Abstract The novel dual electric submersible pump (ESP) completion was designed to maximize oil recovery by improving waterflooding efficiencies while minimizing capital expenditures (capex) and surface facilities. The design enables the operator to produce oil and formation water from the same well. The injection of water, produced from the same oil producer, is part of a waterflooding project to boost secondary recovery. Based on the dual concentric completion (DCC) concept, this novel solution integrates an inverted flow architecture to provide the upper ESP with direct access to the lower reservoir zone, which is the water-producing zone. This single ESP is then used as the only equipment to lift the produced water and then provide sufficient pressure for direct injection into a neighboring well, without the need for surface treating and handling facilities.
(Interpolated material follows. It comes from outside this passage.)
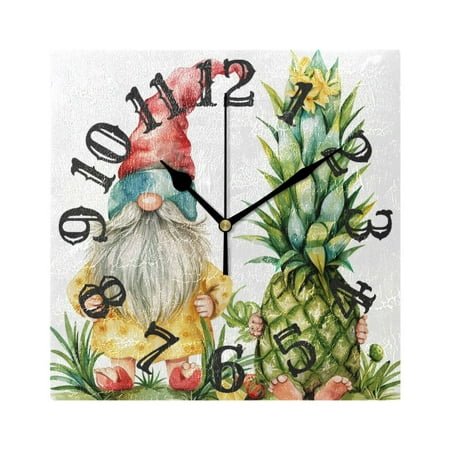 Gnome Pineapple Wall Clock Square Silent Non Ticking Battery Operated Clock for Home Bathroom Kitchen Bedroom Living Room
Oil production is lifted by the encapsulated lower ESP. The complete solution includes a monobore anchor with an automatic release tool to eliminate oil-zone damage during the completion phase and maximize water-zone productivity. The upper reservoir expected to produce approximately 700 BOPD with 1% water cut; after the successful implementation and commissioning of this novel architecture and its impact on the secondary recovery process, the recorded production reached more than 1,000 BOPD, with an overall 35% oil production increase in the field. Using a monobore anchor with an automatic release tool to perforate the lower sand allowed to combine the underbalance technique with clean perforations system and high impact penetration charges, which resulted in greater water zone productivity and improved pump efficiency, reducing power consumption by 33%. Considering that the project was implemented with a local diesel generator, the total CO2 emissions reduction was approximately 700 metric tons per year in just one well. Because the novel inverted DCC solution does not require the construction of traditional surface facilities for water injection, which include horizontal pumping systems (HPSs), capex was significantly reduced. In addition, because this solution was developed, designed, and implemented in far less time than a traditional method would have been, production was increased earlier than otherwise possible, helping the operator meet production targets and increase cash flow.